-- WHAT THIS TASK INVOLVES --
Exact copy, no pictures: return only the lines below from the line with "Loewe Tracksuit Jacket" up to and including the line with "Graduation Passing Exams".

-- DATA RECORDS --
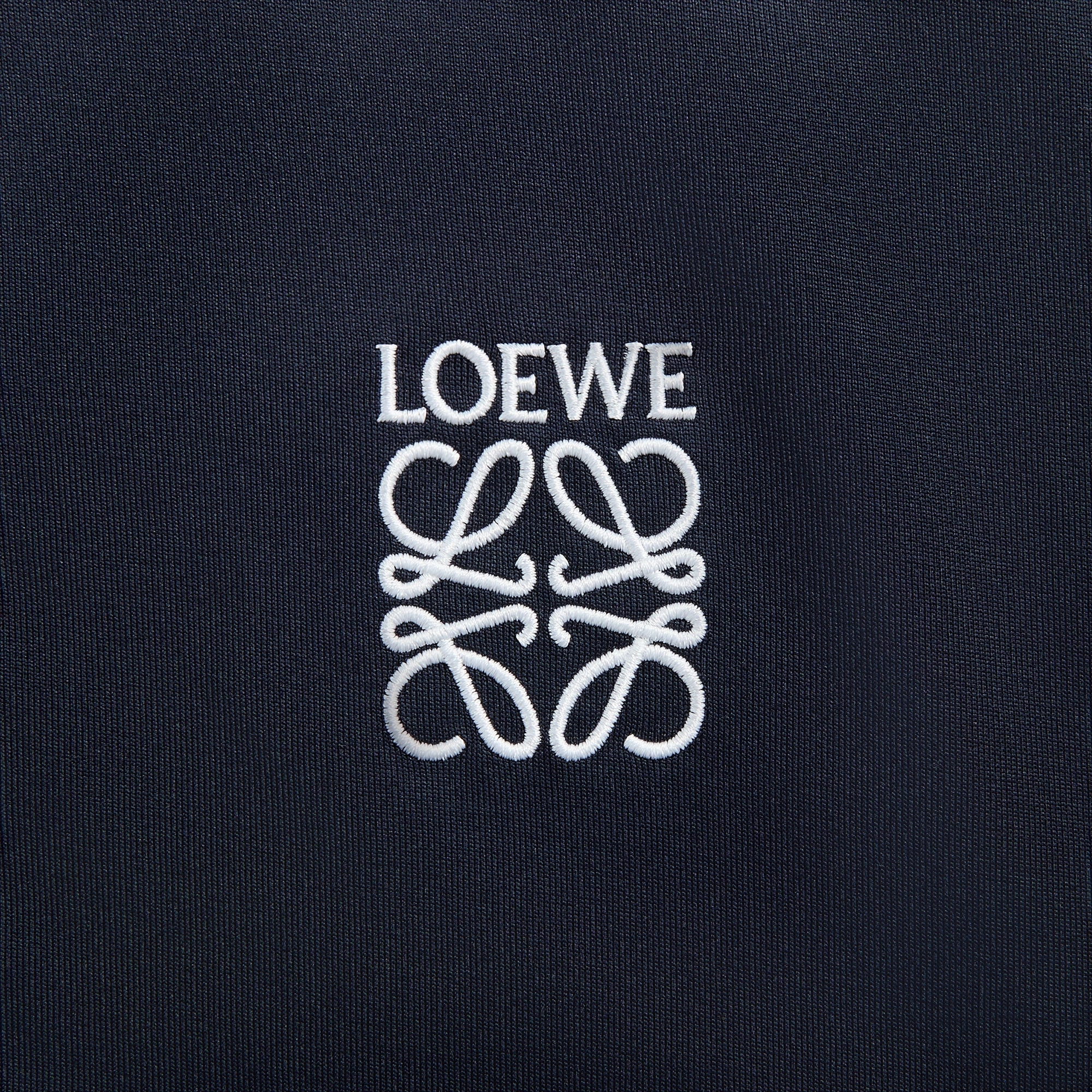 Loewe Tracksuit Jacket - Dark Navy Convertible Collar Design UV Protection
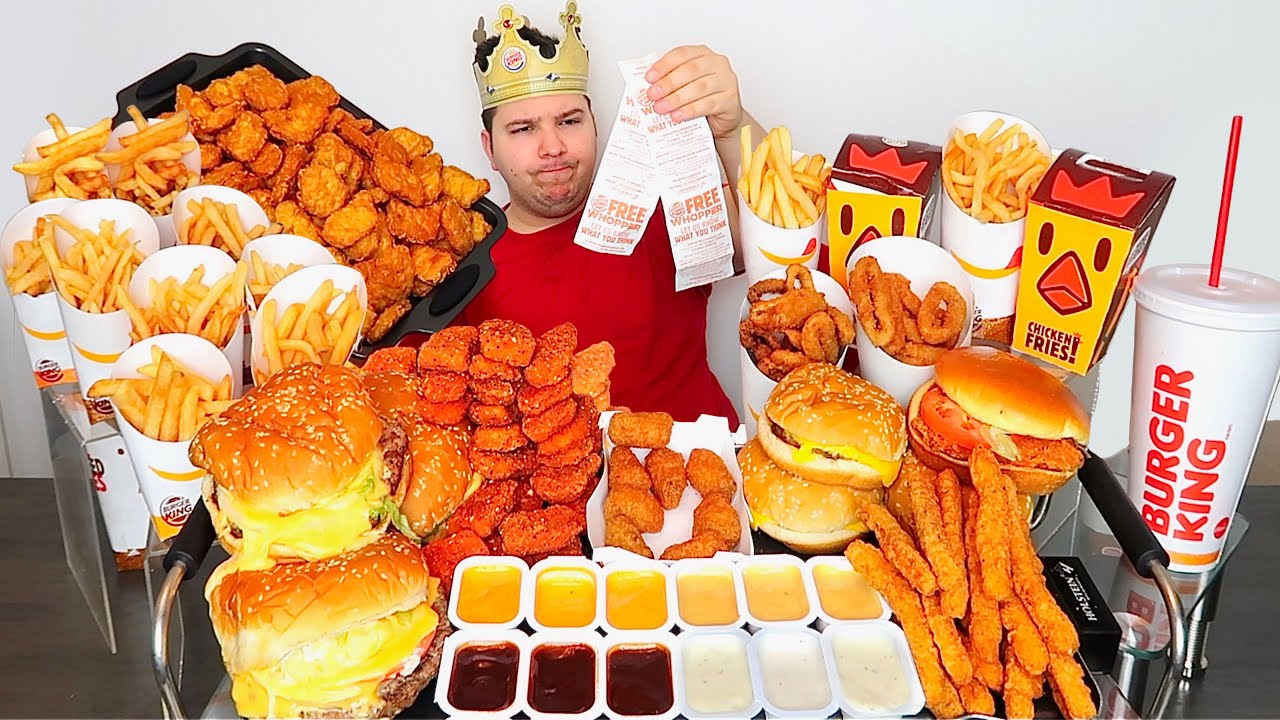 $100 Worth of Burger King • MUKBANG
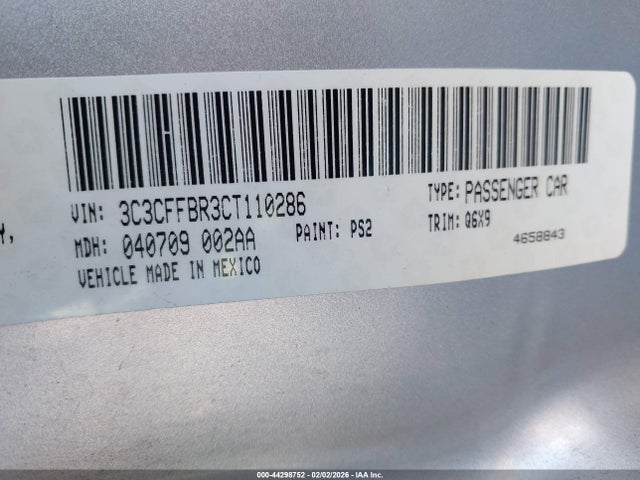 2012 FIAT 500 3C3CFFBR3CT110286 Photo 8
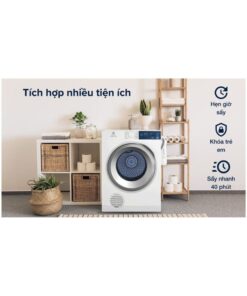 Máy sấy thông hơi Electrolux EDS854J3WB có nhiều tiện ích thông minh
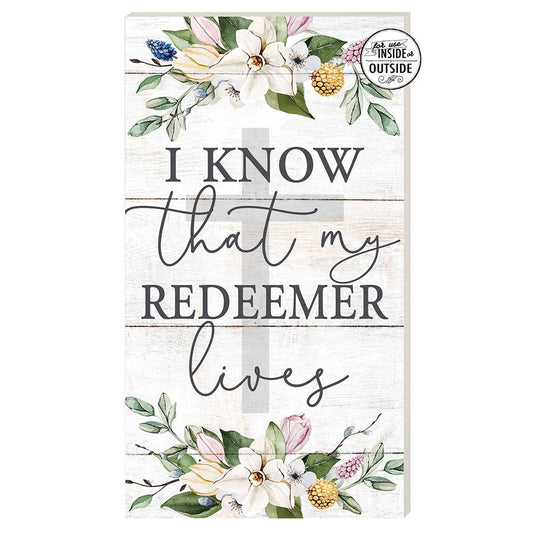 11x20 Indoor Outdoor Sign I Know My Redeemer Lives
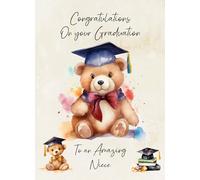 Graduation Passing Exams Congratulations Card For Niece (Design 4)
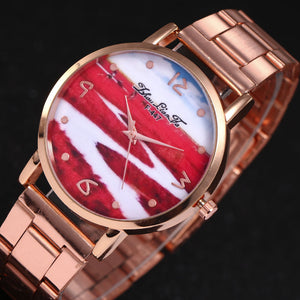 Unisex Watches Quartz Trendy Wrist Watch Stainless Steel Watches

* * *

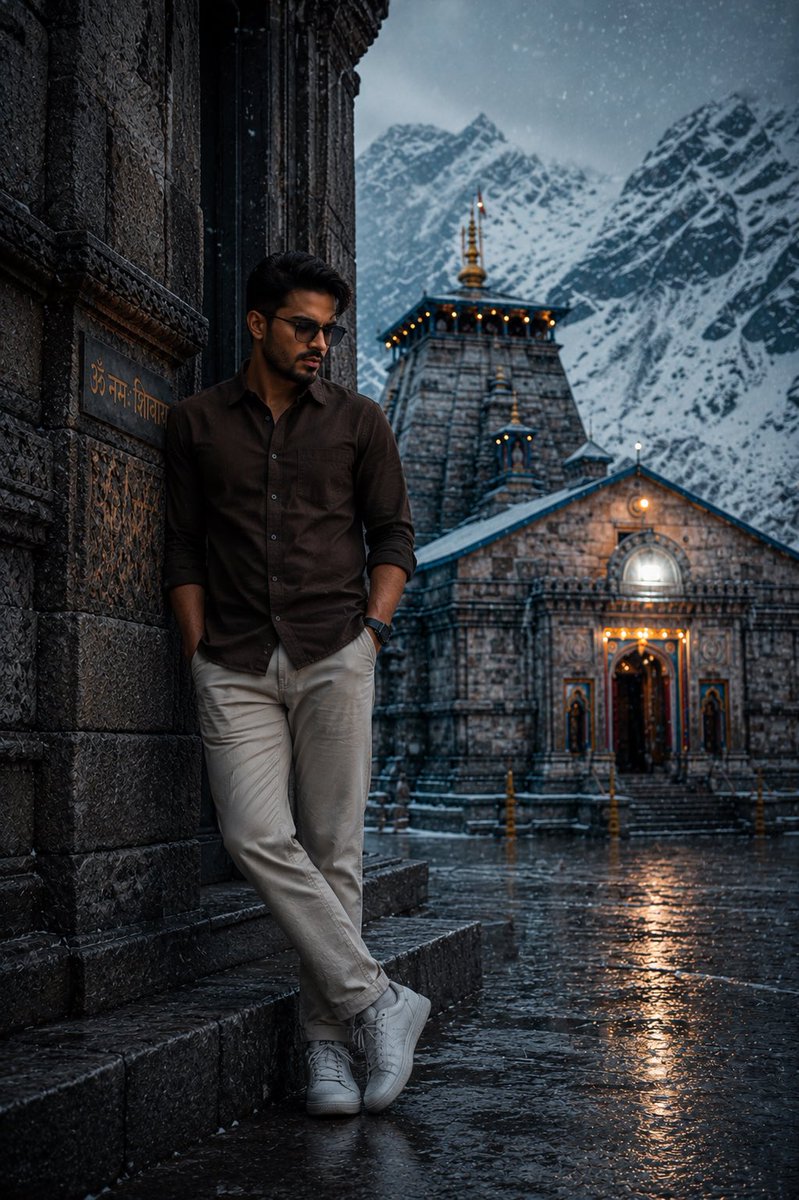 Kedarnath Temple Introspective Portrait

-- RESULT FOR THIS EXERCISE --
 Loewe Tracksuit Jacket - Dark Navy Convertible Collar Design UV Protection
 $100 Worth of Burger King • MUKBANG
 2012 FIAT 500 3C3CFFBR3CT110286 Photo 8
 Máy sấy thông hơi Electrolux EDS854J3WB có nhiều tiện ích thông minh
 11x20 Indoor Outdoor Sign I Know My Redeemer Lives
 Graduation Passing Exams Congratulations Card For Niece (Design 4)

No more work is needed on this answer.